• WORK ORDER
Start at the line with "Policías durante manifestación" in the records below, stop at the line with "Antique Pipe Vise", and return every line in that span exactly, the two end lines included.

Caption-style text data:
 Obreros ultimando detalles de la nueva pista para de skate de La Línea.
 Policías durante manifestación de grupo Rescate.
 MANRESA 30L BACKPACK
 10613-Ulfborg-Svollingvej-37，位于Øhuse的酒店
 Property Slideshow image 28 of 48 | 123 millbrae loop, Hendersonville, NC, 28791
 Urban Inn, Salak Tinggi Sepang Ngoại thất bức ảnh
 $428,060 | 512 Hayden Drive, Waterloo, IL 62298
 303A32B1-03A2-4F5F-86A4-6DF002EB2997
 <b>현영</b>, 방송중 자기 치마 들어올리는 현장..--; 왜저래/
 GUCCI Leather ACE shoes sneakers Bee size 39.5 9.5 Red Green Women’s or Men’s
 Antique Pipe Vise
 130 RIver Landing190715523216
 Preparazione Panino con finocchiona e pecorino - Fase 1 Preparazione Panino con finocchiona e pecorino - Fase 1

• SOLUTION TO THIS PROBLEM
 Policías durante manifestación de grupo Rescate.
 MANRESA 30L BACKPACK
 10613-Ulfborg-Svollingvej-37，位于Øhuse的酒店
 Property Slideshow image 28 of 48 | 123 millbrae loop, Hendersonville, NC, 28791
 Urban Inn, Salak Tinggi Sepang Ngoại thất bức ảnh
 $428,060 | 512 Hayden Drive, Waterloo, IL 62298
 303A32B1-03A2-4F5F-86A4-6DF002EB2997
 <b>현영</b>, 방송중 자기 치마 들어올리는 현장..--; 왜저래/
 GUCCI Leather ACE shoes sneakers Bee size 39.5 9.5 Red Green Women’s or Men’s
 Antique Pipe Vise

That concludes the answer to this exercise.